Erstellt am 18. September 2015, 06:47

von Markus Lohninger

Funde unter Stadtplatz von Litschau. Bei den Grabungen für die Neugestaltung des Litschauer Stadtplatzes stießen Arbeiter auf Granit - und Fundstücke.

Der offizielle Spatenstich wurde im Beisein von Johannes Kuben (Firma Kuben Baugesellschaft), Bürgermeister Rainer Hirschmann und den Stadträten Maria Ergott, Vizebürgermeister Reinhard Fürnsinn, Erwin Hauer und Johannes Heißenberger sowie Stadtamtsdirektor Jürgen Uitz vorgenommen.  |  NOEN, privat

Neben alten Einfriedungen und Fundamentierungen wurden bereits Alltags-Gegenstände aus dem 18.Jahrhundert und Münzen bis zurück ins Jahr 1878 freigelegt: Manches Fundstück glänzte wohl – und doch fand sich bis dato kein Gold unter der Oberfläche des Litschauer Stadtplatzes.

Funde gelten als historisch nicht relevant

Der Platz wird seit einigen Tagen – wie in der NÖN angekündigt – unter Aufsicht eines archäologischen Dienstes einer großflächigen Neustrukturierung unterzogen.
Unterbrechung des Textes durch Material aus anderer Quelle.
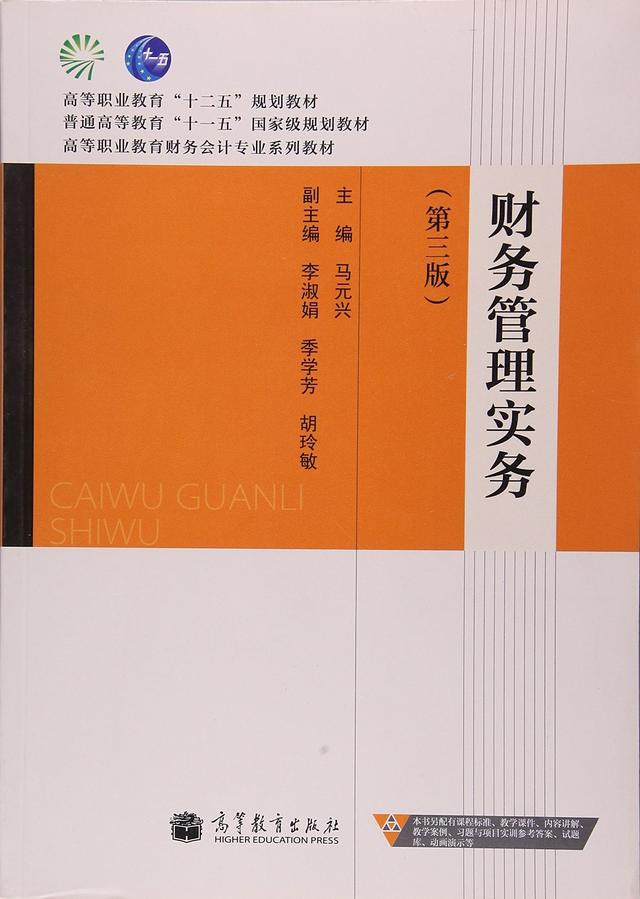 财务入门必读的三本书，自学财务必看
Die ersten Funde traten nach dem Start der Aushub- und Abbrucharbeiten bereits knapp unter dem Gehniveau zutage. Die Steine eines alten Steinkanals werden wiederverwendet, was mit den Fundstücken geschieht, das ist aber noch offen. „Sie gelten als historisch nicht relevant, daher wurden sie dokumentiert und werden abgelegt oder dem Denkmalamt zur Verfügung gestellt“, sagt VP-Bürgermeister Rainer Hirschmann.

Er hatte keine sensationellen Funde erwartet, aber im Bereich der Kirche mit Skeletten gerechnet – auch solche kamen nicht zutage. Im Zuge der Grabungen, für die bei der Gemeinderats-Sitzung am 9. September die Firma Kuben den Zuschlag erhalten hatte, wurde vielmehr am 10. September auf Granit gestoßen.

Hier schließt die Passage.